The present invention relates to signal processing and more particularly to a use of all-pass filtering to correct the phase of speakers in a speaker system to improve performance in a cross-over region.
Modern sound systems have become increasingly capable and sophisticated. Such systems may be utilized for listening to music or integrated into a home theater system. One important aspect of any sound system is the speaker suite used to convert electrical signals to sound waves. An example of a modern speaker suite is a multi-channel 5.1 channel speaker system comprising six separate speakers (or electroacoustic transducers) namely: a center speaker, front left speaker, front right speaker, rear left speaker, rear right speaker, and a subwoofer speaker. The center, front left, front right, rear left, and rear right speakers (commonly referred to as satellite speakers) of such systems generally provide moderate to high frequency sound waves, and the subwoofer provides low frequency sound waves. The allocation of frequency bands to speakers for sound wave reproduction requires that the electrical signal provided to each speaker be filtered to match the desired sound wave frequency range for each speaker. Because different speakers, rooms, and listener positions may influence how each speaker is heard, accurate sound reproduction may require to adjusting or tuning the filtering for each listening environment.
Cross-over filters (also called bass-management filters) are commonly used to allocate the frequency bands in speaker systems. Because each speaker is designed (or dedicated) for optimal performance over a limited range of frequencies, the cross-over filters are frequency domain splitters for filtering the signal delivered to each speaker.
Common shortcomings of known cross-over filters include an inability to achieve a net or recombined amplitude response, when measured by a microphone in a reverberant room, which is sufficiently flat or constant around the cross-over region to provide accurate sound reproduction.
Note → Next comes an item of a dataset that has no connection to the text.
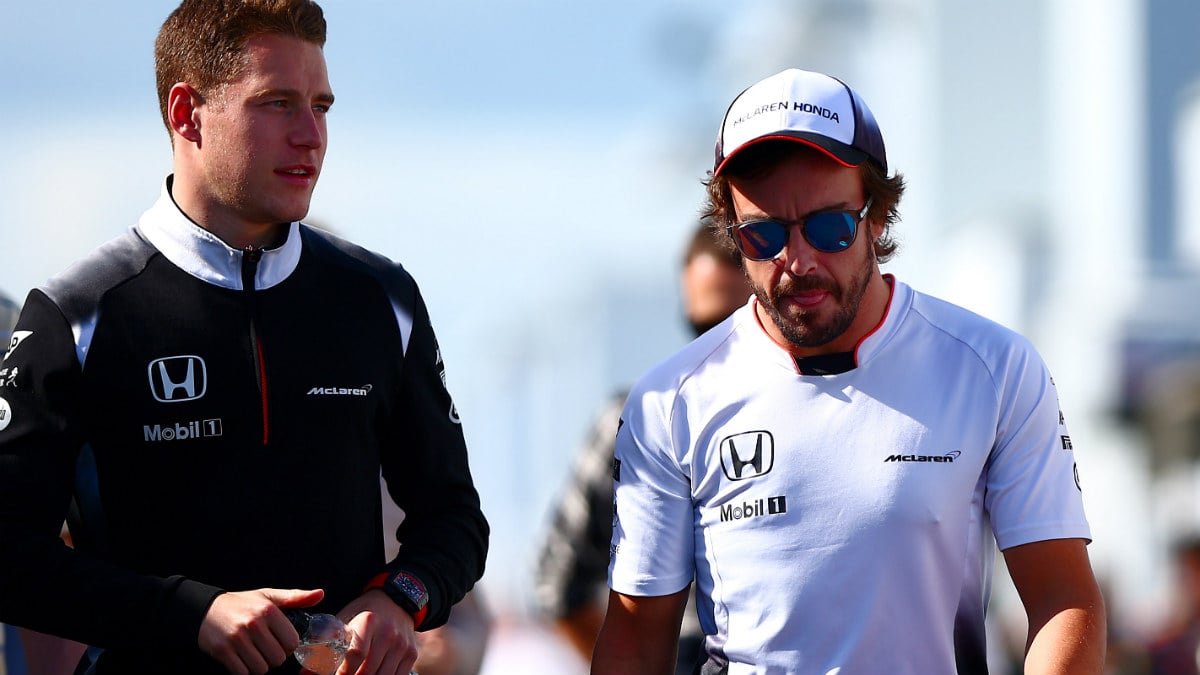 Fernando Alonso camina por un circuito junto a Vandoorne. (AFP)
For example, a listener may receive sound waves from multiple speakers such as a subwoofer and satellite speakers, which are at non-coincident positions. If these sound waves are substantially out of phase (viz., substantially incoherent), the waves may to some extent cancel each other, resulting in a spectral notch in the net frequency response of the audio system. Alternatively, the complex addition of these sound waves may create large variations in the magnitude response in the net or combined subwoofer and satellite response. Additionally, bass-management filters for each speaker, which are typically nonlinear phase Infinite Impulse Response (IIR) filters (for example, Butterworth design), may further introduce complex interactions during the additive process.
Room equalization has traditionally been approached as a classical inverse filter problem for compensating the magnitude responses, or for performing filtering in the time domain to obtain a desired convolution between a Room Transfer Function (RTF) and the equalization filter. Specifically, for each of the equalization filters, it is desired that the convolution of the equalization filter with the RTF, measured between a speaker and a given listener position, results in a desired target equalization curve. From an objective perspective, the target equalization curve is represented in the time domain by the Kronecker delta function. However, from a psychoacoustical perspective, subjectively preferred target curves may be designed based on the dimensions of the room and the direct to reverberant energy in the measured room response. For example, the THX® speaker system based X-curve is used as a target curve and movie theaters.
Although equalization may work well in simulations or highly controlled experimental conditions, when the complexities of real-world listening environments are factored in, the problem becomes significantly more difficult. This is particularly true for small rooms in which standing waves at low frequencies may cause significant variations in the frequency response at a listening position. Furthermore, since room responses may vary dramatically with listener position, room equalization must be performed, in a multiple listener environment (for example, home theater, the movie theater, automobile, etc.), with measurements obtained at multiple listening positions. Known equalization filter designs, for multiple listener equalization, have been proposed which minimizes the variations in the RTF at multiple positions. However, including an equalization filter for each channel for a single listener or multiple listeners, will not alleviate the issue of complex interaction between the phase of the non-coincident speakers, around the cross-over region, especially if these filters introduce additional frequency dependent delay.